You are watching a stock that has all the signals you look for in an opportunity. The proper point to enter comes, but you wait. You second guess the opportunity and don’t buy the stock. Or, you bid for the stock at a price that is not likely to get filled if the opportunity does pan out the way you anticipate it will. As a result, you get left behind while the market pushes the stock higher.

A short while after the initial entry signal, when the stock has made a decent gain, you decide to finally enter the trade. After all, the market has proven your analysis correct, so you must be smart, and right! Not long after you enter, the stock turns south and you end up with a losing trade. If only you had bought when you first thought about it.

How often you do it?..I mean hesitate?..You just can’t pull the trigger. This becomes even more difficult especially after a string of losses. I believe this is mainly to do with traders memory where you remember your losses intensely and your wins lightly.

This traders memory becomes an obstacle and many a time you miss great trading opportunities.This is why often experience traders say that just follow the system, Don’t over-analyse. But even after we design a system we often struggle to pull the trigger.

The Solution

This is really just a confidence issue.

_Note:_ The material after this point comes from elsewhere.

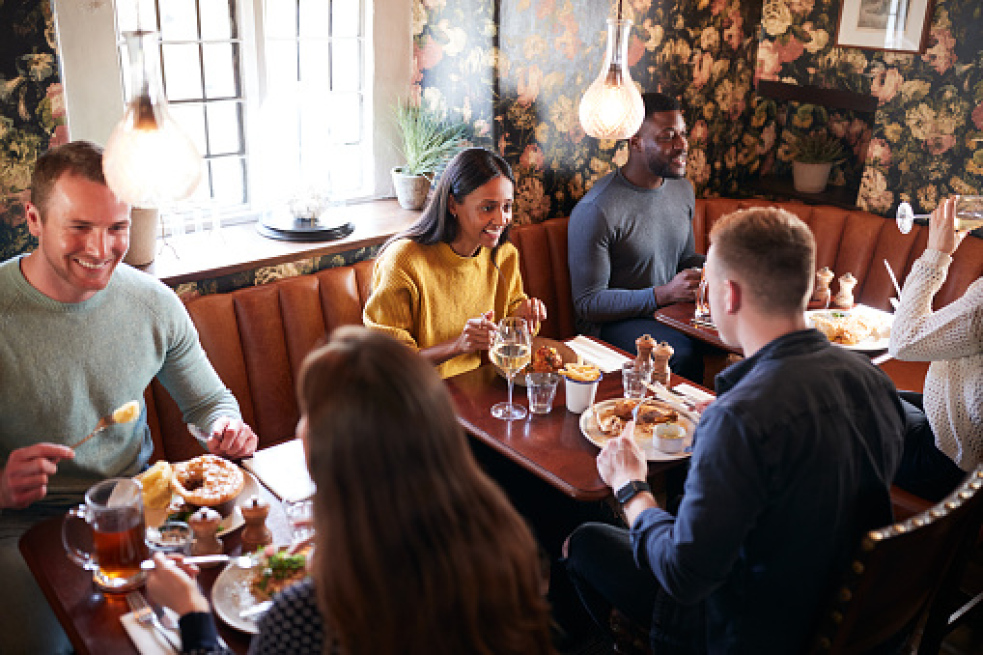 Vídeň podpoří restaurace rozdáváním poukazek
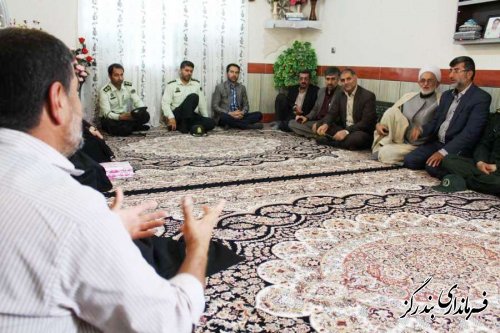 دیدار مسوولان بندرگز با خانواده شهید مبارزه با مواد مخدر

You are either not confident in your ability to analyze stocks, or you are not confident in the methodology that you are using to pick trades. Therefore, you have to research your method so that you have the confidence that it works. Then, you have to start small, making trades that have a potential loss that you are comfortable with. As you gain confidence in your method and your ability, increase the trade size. With your new found confidence, stand in a crowded room and scream, “I am great!” Well, maybe don’t carry it that far. :grinning:

There is one of the technique often recommended to me by old traders. They call it visualizing technique. Before you start your trading day, they encourage you to go over your rules and reaffirm the beliefs that you are going to trade when the right opportunity meets all your rules. Allow yourself to be gently reminded of the fact that by following system you are removing emotions at play and increase your chances of success.

I wish you best and have a great week ahead! :grinning::v::raised_hands::pray:

All the best
Suresh

For those who missed earlier post, check out the top 5 bad habits…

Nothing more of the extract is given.